On Friday, the Shanghai Composite closed up 1.98 percent after trading down as much as 1.89 percent and up as much as 3.32 percent shortly after the market open. The Shenzhen Composite finished 1 percent higher, while CSI 300 index ticked up 2.04 percent. All three indexes see-sawed wildly from positive to negative in the first 30 minutes after trade started. Hong Kong's Hang Seng Index closed 0.59 percent higher.
China's regulatory body, the China Securities Regulatory Commission (CSRC), on Thursday suspended the recently implemented circuit breakers, a regulatory tool designed to limit how far stocks can fall after the market shut down for a second time this week.

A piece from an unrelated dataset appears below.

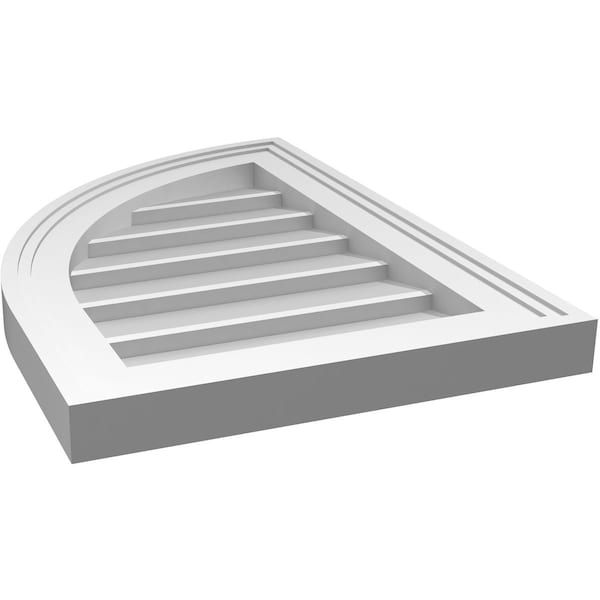 Ekena Millwork Quarter Round Top Left Surface Mount PVC Gable Vent w/ 2"W x 1-1/2"P Brickmould Frame, 14"W x 20"H - GVPQL14X2002SN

The first shut down was triggered on Monday after the CSI300 index fell more than 7 percent.
Mizuho said on a Friday note that it had expected the market was due a reflexive rebound as stretched positions were reversed. But it added that Chinese markets are not yet out of the woods.
"The greater uncertainty is how this week's episode has damaged investor sentiment, and thus capital outflow pressures might linger on," Mizuho said.
The weakening of the yuan has also weighed on the market. Before trading began, the People's Bank of China (PBOC) set its yuan mid-point at 6.5636 against the dollar, indicating the Chinese currency would trade slightly stronger, after Thursday's fixing guided the yuan lower at its fastest pace since August's devaluation. On Thursday, the dollar was fetching 6.5926 yuan at the close of trade.
"Market volatility this week suggests that nobody really knows what the policy is right now. Or if the government itself knows or is capable of implementing the policy even if there is one," DBS said in a currency note Friday. "The market's message was loud and clear that more clarity and less flip-flopping is needed going forward."